### Task item
Transcribe exactly the lines that fall between the one holding "18, 8:59 pm" and the one holding "1509 Monroe, Saginaw, MI", inclusive, from the entries below.

### Entries provided
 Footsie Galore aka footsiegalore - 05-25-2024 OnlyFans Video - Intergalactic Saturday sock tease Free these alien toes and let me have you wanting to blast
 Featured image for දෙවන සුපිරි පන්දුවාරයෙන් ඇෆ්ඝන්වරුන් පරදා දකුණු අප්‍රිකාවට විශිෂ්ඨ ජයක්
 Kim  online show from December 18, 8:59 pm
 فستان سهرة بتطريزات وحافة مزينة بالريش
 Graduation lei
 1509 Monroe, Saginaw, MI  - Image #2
--
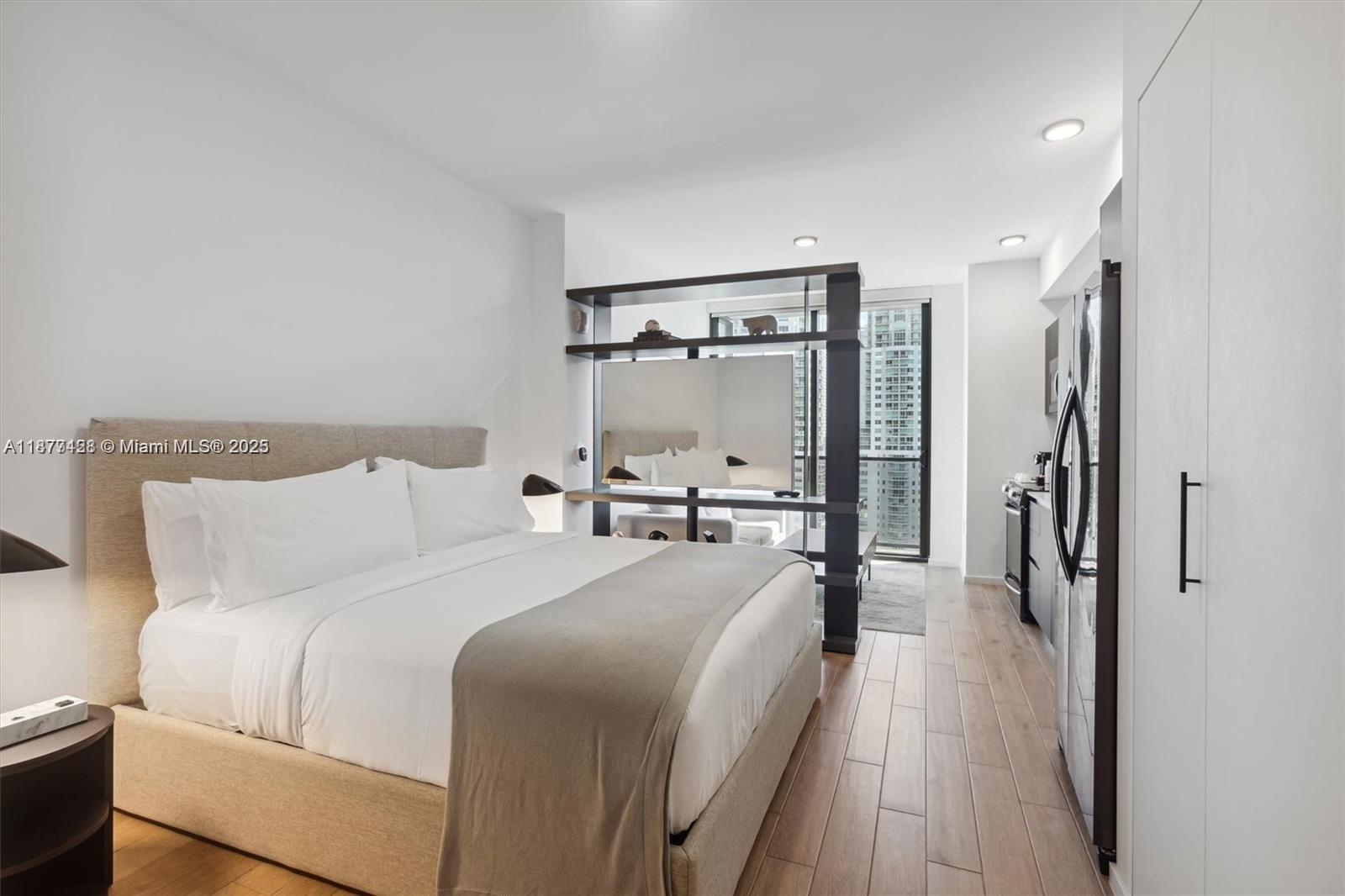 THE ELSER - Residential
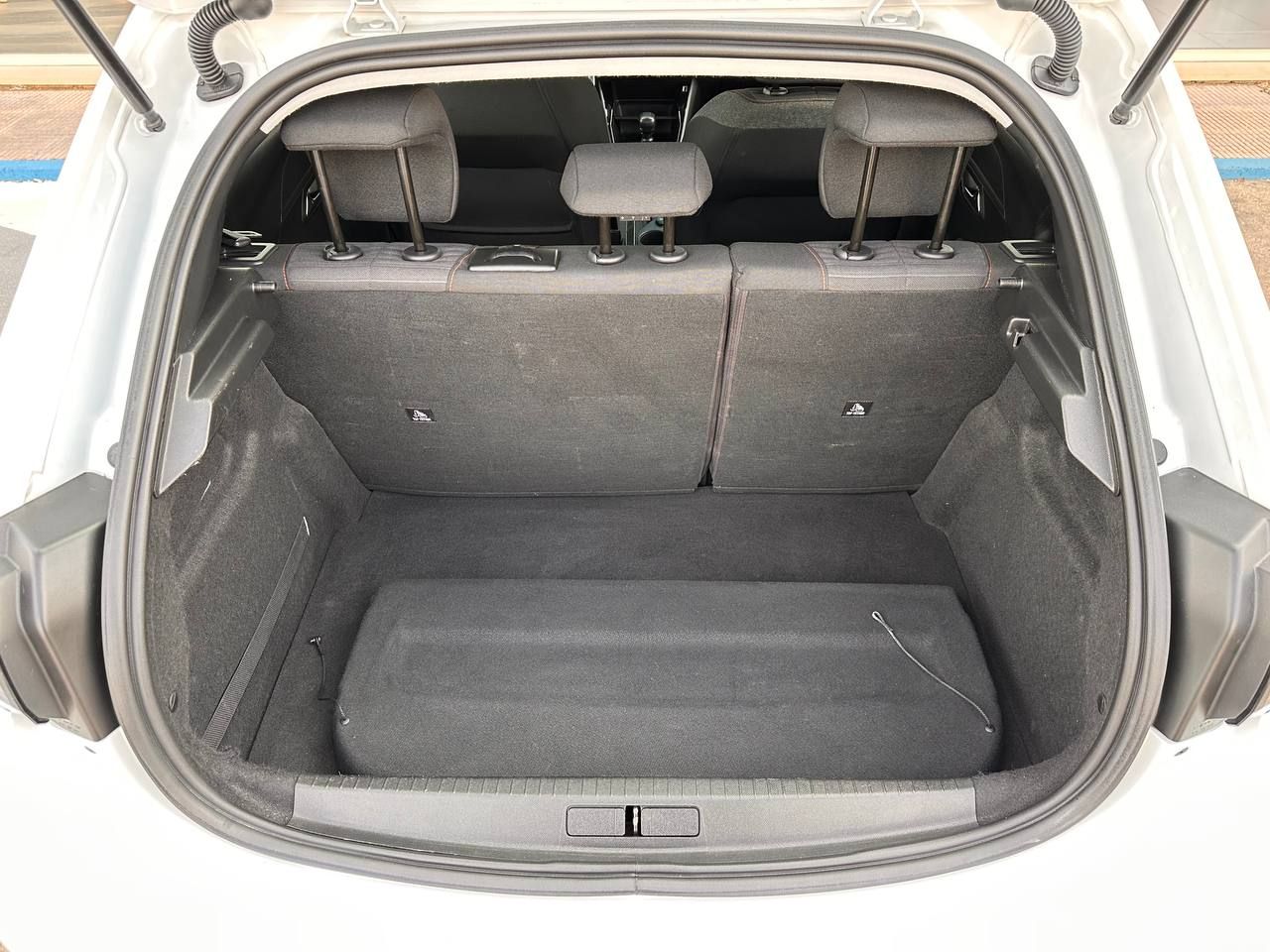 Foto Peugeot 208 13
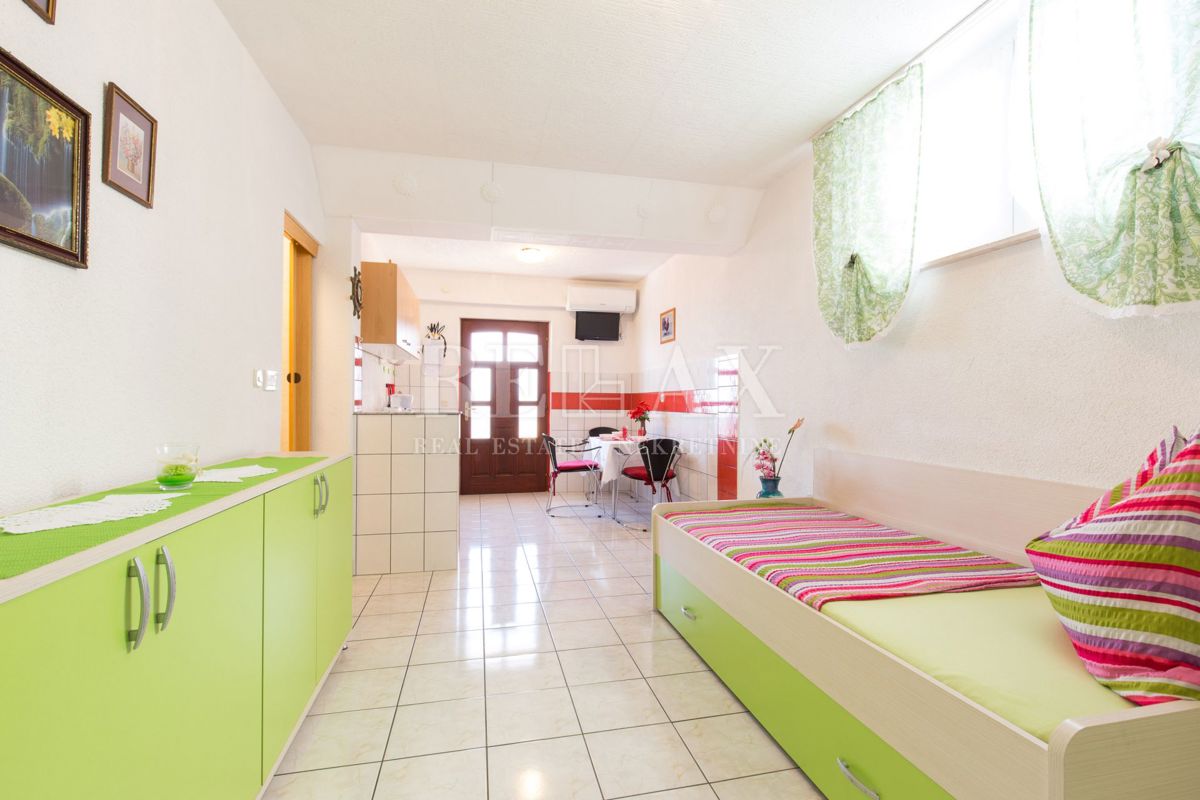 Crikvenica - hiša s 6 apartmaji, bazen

### Answer for this exercise
 Kim  online show from December 18, 8:59 pm
 فستان سهرة بتطريزات وحافة مزينة بالريش
 Graduation lei
 1509 Monroe, Saginaw, MI  - Image #2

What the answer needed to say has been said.